There are conflicting reports about what went down at yesterday’s meeting. Eric Cantor, the chief of the Republican Congressional Ideological Purity Police Force (RCIPPF), exited the meeting and immediately hurried to “divulge” to the American people how his president had scolded him and stormed out. Ostensibly, Cantor has some credibility with regards to “storming out” maneuvers as he has demonstrated a real knack for it himself in previous weeks. But according to him, President Obama lost it, became petulant and disrespectful in a manner unfitting to his office. Democratic participants in this closed-door meeting contradicted Cantor’s account. Nancy Pelosi extolled Resident Obama’s graciousness. The counter-narrative emphasizes that this meeting was called by the President, lasted two and a half hours, and when the Republicans continued to refuse any sort of accommodation and compromise, when they refused to operate according to the necessary standards and processes of creating policy in a republic, Obama closed the meeting. These negotiations are indeed crucial, but they do not represent the sum total of his responsibilities in presiding over this republic. Given that the Republican controlled House of Representatives, under Speaker Boehner’s leadership, seems to consider passage of meaningful legislation on almost any issue a low priority, or at least an unattainable one, (Rachel Maddow continues to demonstrate this in great detail of late), they apparently saw themselves as having no other obligations. As Obama was closing the meeting with remarks that were his prerogative, both because he called the meeting and because…well…because he is the duly elected PRESIDENT OF THE UNITED FREAKING STATES OF AMERICA, Eric Cantor, duly elected to represent a single district in the Commonwealth of Virginia, interrupted our president to ask for the umpteenth time why Obama will not consider a minimal deal that merely extends the crisis that Cantor has created to attempt to manufacture political advantage.

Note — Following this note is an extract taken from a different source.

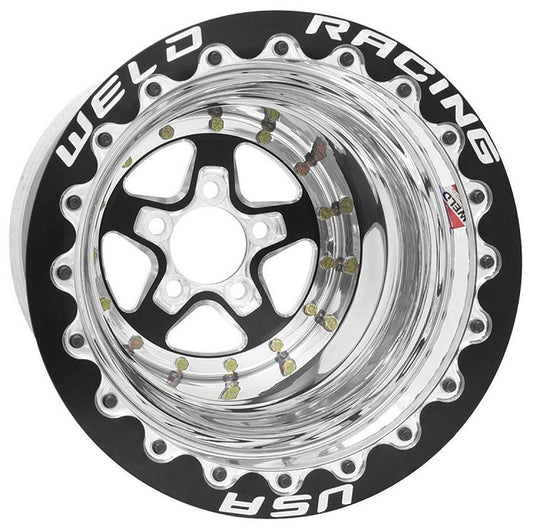 Aluma-Star 15 x 10" Wheel, Black, Double Beadlock for M/T
5 x 4.5" Bolt Circle with 6" Backspace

Obama cut him off, dressed him down (according to Pelosi with uncommon graciousness) and left the room. Cantor then hurried to complain to the press.
I have been astounded over the past three years at just how disrespectful serving republican politicians have been toward President Obama. They repeatedly deride him, to the press and on the floors of our legislative bodies, as “shameless.” Presidential candidate Michele Bachmann accused the President of threatening the American people regarding Social Security and Medicare payments and the “full faith and credit” of the USA in order to continue his “spending spree,” as if he’s a QVC addict splurging on decorative plates displaying poker playing bloodhounds for the oval office. Bachmann, of course, ignores how her own party has linked budget negotiations to the debt ceiling for the first time in history.
Now, what I would like to know, in all honesty, is whether my fellow Moose believe that Republican leaders are harsher and more disrespectful to this President than Democratic leaders were to George W. Bush. The GOP consistently presents itself as the party that seeks to preserve and conserve decency, patriotism, respect for American history, values, institutions and offices. We know that this rhetoric often proves to be divorced from reality. I know that most of us, including our Democratic elected officials held President Bush as someone a few degrees south of contempt. But did our leaders and advocates treat him with such utter disdain and lack of deference?
Often, we see progressive and democratic institutions and advocates smeared with false equivalencies. For instance, I don’t begrudge FOXNews its right to partisanship. But it’s level and forms of advocacy are so degraded that I do not accept that MSNBC, with its unabashed partisan advocacy, is the mirror image of FOX. Democratic reasonableness and attempts to acknowledge complexity often feed these equivalences, as its advocates display a willingness to look at both sides and to accept some criticism. But Al Franken and Keith Olberman aren’t simply Rush Limbaugh and Glen Beck on the left. Rachel Maddow and Joan Walsh are not the counterparts of Laura Ingraham and Megyn Kelly, and Barabara Ehrenreich is not simply a lefty Ann Coulter.
So I want to know, did our leaders and advocates show such disregard to the office of the Presidency of the United States when George W. Bush was in office? Think carefully. The reflexive answer is easy.